*** Opening of SUPPLIED MATERIAL ***

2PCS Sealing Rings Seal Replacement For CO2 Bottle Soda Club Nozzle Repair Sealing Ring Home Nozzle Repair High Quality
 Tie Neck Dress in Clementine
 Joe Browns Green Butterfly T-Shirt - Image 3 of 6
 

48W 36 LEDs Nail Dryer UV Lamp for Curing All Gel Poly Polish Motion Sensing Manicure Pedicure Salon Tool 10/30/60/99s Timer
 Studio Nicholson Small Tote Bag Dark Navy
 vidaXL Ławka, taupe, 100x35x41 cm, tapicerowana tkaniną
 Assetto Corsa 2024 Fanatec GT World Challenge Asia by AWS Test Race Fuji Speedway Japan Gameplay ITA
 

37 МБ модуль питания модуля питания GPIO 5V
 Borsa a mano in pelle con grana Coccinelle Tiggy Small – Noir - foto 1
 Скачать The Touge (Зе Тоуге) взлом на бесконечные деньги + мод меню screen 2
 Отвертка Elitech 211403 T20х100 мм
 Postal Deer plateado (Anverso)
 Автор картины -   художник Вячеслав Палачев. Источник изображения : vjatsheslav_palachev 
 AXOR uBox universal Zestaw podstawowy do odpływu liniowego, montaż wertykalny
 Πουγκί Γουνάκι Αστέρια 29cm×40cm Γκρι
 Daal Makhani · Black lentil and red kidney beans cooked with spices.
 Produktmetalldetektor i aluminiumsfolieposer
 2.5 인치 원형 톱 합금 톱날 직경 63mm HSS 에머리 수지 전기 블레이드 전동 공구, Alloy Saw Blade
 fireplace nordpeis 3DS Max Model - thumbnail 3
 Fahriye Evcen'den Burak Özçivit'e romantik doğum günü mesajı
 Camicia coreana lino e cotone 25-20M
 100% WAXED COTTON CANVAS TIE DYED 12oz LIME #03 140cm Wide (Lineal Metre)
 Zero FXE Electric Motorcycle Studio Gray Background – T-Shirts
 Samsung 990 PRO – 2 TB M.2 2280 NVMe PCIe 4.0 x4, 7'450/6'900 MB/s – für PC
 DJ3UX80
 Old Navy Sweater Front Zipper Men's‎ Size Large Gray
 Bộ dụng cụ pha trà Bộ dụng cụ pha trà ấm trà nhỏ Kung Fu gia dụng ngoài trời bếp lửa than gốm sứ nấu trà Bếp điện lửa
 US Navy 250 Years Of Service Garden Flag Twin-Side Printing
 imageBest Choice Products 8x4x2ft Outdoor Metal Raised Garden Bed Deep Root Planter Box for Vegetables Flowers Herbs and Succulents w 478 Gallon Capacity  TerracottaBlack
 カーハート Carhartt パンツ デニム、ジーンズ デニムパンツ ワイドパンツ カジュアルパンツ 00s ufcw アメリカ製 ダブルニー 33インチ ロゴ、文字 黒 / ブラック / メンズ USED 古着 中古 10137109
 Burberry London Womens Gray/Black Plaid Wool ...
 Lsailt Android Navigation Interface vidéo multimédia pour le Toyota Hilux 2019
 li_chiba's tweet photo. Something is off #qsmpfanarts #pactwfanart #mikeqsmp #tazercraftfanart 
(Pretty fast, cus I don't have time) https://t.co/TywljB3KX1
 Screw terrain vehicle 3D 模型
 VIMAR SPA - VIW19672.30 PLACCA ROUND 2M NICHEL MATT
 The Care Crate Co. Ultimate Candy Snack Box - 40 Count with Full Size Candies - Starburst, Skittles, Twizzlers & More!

*** Close of SUPPLIED MATERIAL ***

# TASK TO COMPLETE
Copy every line above without changes.

# ANSWER TO THIS TASK
2PCS Sealing Rings Seal Replacement For CO2 Bottle Soda Club Nozzle Repair Sealing Ring Home Nozzle Repair High Quality
 Tie Neck Dress in Clementine
 Joe Browns Green Butterfly T-Shirt - Image 3 of 6
 

48W 36 LEDs Nail Dryer UV Lamp for Curing All Gel Poly Polish Motion Sensing Manicure Pedicure Salon Tool 10/30/60/99s Timer
 Studio Nicholson Small Tote Bag Dark Navy
 vidaXL Ławka, taupe, 100x35x41 cm, tapicerowana tkaniną
 Assetto Corsa 2024 Fanatec GT World Challenge Asia by AWS Test Race Fuji Speedway Japan Gameplay ITA
 

37 МБ модуль питания модуля питания GPIO 5V
 Borsa a mano in pelle con grana Coccinelle Tiggy Small – Noir - foto 1
 Скачать The Touge (Зе Тоуге) взлом на бесконечные деньги + мод меню screen 2
 Отвертка Elitech 211403 T20х100 мм
 Postal Deer plateado (Anverso)
 Автор картины -   художник Вячеслав Палачев. Источник изображения : vjatsheslav_palachev 
 AXOR uBox universal Zestaw podstawowy do odpływu liniowego, montaż wertykalny
 Πουγκί Γουνάκι Αστέρια 29cm×40cm Γκρι
 Daal Makhani · Black lentil and red kidney beans cooked with spices.
 Produktmetalldetektor i aluminiumsfolieposer
 2.5 인치 원형 톱 합금 톱날 직경 63mm HSS 에머리 수지 전기 블레이드 전동 공구, Alloy Saw Blade
 fireplace nordpeis 3DS Max Model - thumbnail 3
 Fahriye Evcen'den Burak Özçivit'e romantik doğum günü mesajı
 Camicia coreana lino e cotone 25-20M
 100% WAXED COTTON CANVAS TIE DYED 12oz LIME #03 140cm Wide (Lineal Metre)
 Zero FXE Electric Motorcycle Studio Gray Background – T-Shirts
 Samsung 990 PRO – 2 TB M.2 2280 NVMe PCIe 4.0 x4, 7'450/6'900 MB/s – für PC
 DJ3UX80
 Old Navy Sweater Front Zipper Men's‎ Size Large Gray
 Bộ dụng cụ pha trà Bộ dụng cụ pha trà ấm trà nhỏ Kung Fu gia dụng ngoài trời bếp lửa than gốm sứ nấu trà Bếp điện lửa
 US Navy 250 Years Of Service Garden Flag Twin-Side Printing
 imageBest Choice Products 8x4x2ft Outdoor Metal Raised Garden Bed Deep Root Planter Box for Vegetables Flowers Herbs and Succulents w 478 Gallon Capacity  TerracottaBlack
 カーハート Carhartt パンツ デニム、ジーンズ デニムパンツ ワイドパンツ カジュアルパンツ 00s ufcw アメリカ製 ダブルニー 33インチ ロゴ、文字 黒 / ブラック / メンズ USED 古着 中古 10137109
 Burberry London Womens Gray/Black Plaid Wool ...
 Lsailt Android Navigation Interface vidéo multimédia pour le Toyota Hilux 2019
 li_chiba's tweet photo. Something is off #qsmpfanarts #pactwfanart #mikeqsmp #tazercraftfanart 
(Pretty fast, cus I don't have time) https://t.co/TywljB3KX1
 Screw terrain vehicle 3D 模型
 VIMAR SPA - VIW19672.30 PLACCA ROUND 2M NICHEL MATT
 The Care Crate Co. Ultimate Candy Snack Box - 40 Count with Full Size Candies - Starburst, Skittles, Twizzlers & More!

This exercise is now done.